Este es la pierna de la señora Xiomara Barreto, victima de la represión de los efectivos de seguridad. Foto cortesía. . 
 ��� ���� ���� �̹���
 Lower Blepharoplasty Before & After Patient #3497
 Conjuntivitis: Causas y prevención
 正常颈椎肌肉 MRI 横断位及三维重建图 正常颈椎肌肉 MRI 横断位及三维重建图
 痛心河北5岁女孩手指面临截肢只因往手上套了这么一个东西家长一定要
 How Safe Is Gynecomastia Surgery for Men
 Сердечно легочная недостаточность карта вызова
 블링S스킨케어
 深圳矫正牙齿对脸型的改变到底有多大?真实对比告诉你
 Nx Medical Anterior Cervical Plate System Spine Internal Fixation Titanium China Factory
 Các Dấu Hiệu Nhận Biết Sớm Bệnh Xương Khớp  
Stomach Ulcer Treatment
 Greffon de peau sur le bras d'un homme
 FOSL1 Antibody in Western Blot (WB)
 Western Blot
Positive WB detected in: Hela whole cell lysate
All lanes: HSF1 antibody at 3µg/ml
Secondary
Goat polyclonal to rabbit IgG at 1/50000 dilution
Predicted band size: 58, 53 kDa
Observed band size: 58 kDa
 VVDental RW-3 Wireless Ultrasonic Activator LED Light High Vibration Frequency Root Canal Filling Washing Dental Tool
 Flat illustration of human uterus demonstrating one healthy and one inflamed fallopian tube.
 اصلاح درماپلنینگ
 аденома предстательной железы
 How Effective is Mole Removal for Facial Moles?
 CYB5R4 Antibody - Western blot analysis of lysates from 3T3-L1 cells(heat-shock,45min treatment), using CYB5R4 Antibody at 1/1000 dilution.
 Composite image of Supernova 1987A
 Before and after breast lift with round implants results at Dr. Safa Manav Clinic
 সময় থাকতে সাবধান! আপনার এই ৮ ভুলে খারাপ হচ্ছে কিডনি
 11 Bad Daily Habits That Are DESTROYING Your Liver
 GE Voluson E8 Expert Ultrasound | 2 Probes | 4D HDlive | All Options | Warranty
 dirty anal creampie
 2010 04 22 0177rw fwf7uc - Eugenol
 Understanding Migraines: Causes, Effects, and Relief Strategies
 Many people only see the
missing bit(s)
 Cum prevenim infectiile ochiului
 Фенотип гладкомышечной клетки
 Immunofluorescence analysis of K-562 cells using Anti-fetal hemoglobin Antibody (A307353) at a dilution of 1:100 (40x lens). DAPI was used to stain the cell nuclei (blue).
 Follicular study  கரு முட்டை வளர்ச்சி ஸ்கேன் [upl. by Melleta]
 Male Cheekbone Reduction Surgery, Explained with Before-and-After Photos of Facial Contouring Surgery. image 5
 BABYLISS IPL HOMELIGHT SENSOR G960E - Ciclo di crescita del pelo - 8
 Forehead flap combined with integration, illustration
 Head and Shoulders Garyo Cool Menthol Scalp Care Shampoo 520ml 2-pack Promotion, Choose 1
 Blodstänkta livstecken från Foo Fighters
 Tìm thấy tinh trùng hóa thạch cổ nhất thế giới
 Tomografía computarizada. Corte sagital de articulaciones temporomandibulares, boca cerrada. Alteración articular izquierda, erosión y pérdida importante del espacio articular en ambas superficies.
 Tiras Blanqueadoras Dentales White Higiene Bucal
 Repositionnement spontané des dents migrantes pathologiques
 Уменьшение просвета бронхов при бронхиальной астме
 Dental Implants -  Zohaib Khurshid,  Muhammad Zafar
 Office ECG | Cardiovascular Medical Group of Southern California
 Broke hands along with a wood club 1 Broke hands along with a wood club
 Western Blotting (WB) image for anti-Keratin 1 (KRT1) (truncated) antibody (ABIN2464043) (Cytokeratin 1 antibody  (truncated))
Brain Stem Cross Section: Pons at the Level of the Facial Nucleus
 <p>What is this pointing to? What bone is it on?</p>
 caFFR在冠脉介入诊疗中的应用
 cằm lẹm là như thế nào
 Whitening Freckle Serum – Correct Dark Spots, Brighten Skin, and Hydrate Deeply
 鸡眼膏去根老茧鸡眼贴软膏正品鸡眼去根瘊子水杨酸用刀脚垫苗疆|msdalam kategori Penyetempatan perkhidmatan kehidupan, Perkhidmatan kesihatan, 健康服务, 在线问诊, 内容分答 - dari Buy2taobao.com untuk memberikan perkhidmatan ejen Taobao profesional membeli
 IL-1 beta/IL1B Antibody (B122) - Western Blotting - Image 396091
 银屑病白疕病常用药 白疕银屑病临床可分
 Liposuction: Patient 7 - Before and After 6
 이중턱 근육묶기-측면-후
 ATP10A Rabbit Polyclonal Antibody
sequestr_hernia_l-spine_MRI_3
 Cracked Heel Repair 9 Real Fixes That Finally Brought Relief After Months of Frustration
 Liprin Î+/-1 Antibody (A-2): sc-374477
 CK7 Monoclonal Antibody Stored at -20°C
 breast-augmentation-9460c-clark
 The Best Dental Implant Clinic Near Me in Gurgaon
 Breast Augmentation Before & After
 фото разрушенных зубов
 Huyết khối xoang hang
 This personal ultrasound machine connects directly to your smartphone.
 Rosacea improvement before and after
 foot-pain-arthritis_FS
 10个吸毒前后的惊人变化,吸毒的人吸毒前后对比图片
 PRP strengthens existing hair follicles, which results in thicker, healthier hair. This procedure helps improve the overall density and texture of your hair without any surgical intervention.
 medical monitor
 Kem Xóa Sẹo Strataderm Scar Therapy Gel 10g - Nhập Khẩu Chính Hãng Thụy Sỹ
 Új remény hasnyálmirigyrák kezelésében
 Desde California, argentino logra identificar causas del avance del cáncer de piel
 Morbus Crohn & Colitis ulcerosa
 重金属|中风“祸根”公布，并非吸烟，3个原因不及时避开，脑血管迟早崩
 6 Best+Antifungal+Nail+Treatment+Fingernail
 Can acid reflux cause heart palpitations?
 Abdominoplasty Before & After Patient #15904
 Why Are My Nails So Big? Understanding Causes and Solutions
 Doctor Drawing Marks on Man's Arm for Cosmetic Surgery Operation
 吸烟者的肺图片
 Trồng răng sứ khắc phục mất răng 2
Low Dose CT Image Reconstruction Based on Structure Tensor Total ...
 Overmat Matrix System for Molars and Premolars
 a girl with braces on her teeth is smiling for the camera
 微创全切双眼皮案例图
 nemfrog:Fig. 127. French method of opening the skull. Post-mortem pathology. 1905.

- **About this task**
In the material above, each line with the word "illustration" should be copied.

- **Completed exercise**
 Flat illustration of human uterus demonstrating one healthy and one inflamed fallopian tube.
 Forehead flap combined with integration, illustration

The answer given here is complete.